Please read my op-ed in today’s Orlando Sentinel. Comments on my WordPress page are welcome.
ʿAlā al-Dīn Abū Bakr al-Kāsānī (d. 1189) in what might be a throw away line in his Badāʾiʿ al-Ṣanāʾiʿ fī Tartīb al-Sharaʾiʿ, The Immaculate Calling in Ordering Normative Traditions really startled me. He wrote: المذاهب تمتحن بعبادها/ al-madhāhib tumtaḥanu bi ʿibādihā vol 3:466, Kitāb al-Nikāḥ. I translate this as: schools of thought or moral orders are tested by the their followers. Kāsānī’s editor writes, bi fasād ʿibādihā, by the corruption of its followers. I thought this man’s insights required commentary and he shares a common sense sensibility over time. So I started my op ed by channeling the insight of Kāsānī.

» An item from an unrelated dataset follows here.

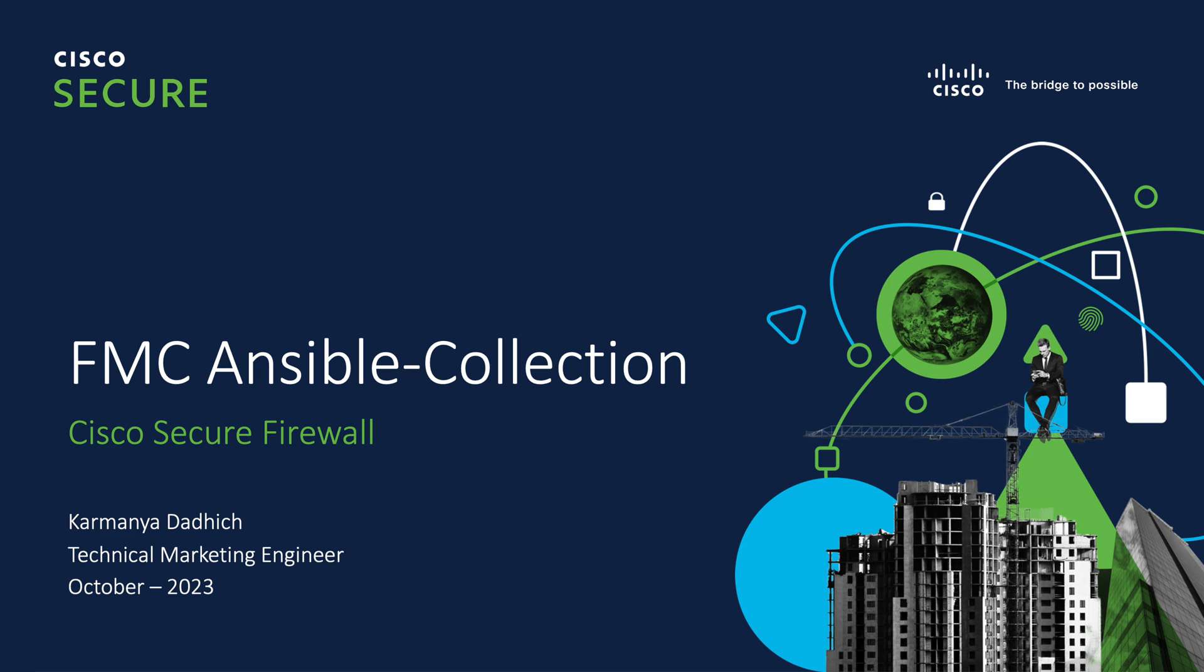Hello everyone, I am Karmanid Adich, TME from Cisco Systems India. This video is about FMC collection for Ansible. The FMC Ansible collection will help you manage all the configurations for your FMC automatically via an Ansible script.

My current way of looking at this problem, especially the slavery debate you mention at the end of your piece, is the clash of theological interpretative lenses. If you have a liberationist outlook, then slavery is antithetical to message of freedom inherent in spiritual texts. If you have an obedience outlook, then God wants us to obey and you only look for messages of rules, regulations, and prescriptions in canonical texts. It all gets back to God, Iblis, and Adam. Does God want humans to be free or to be obedient? I suspect the answer is “yes”, which means I haven’t worded the question properly.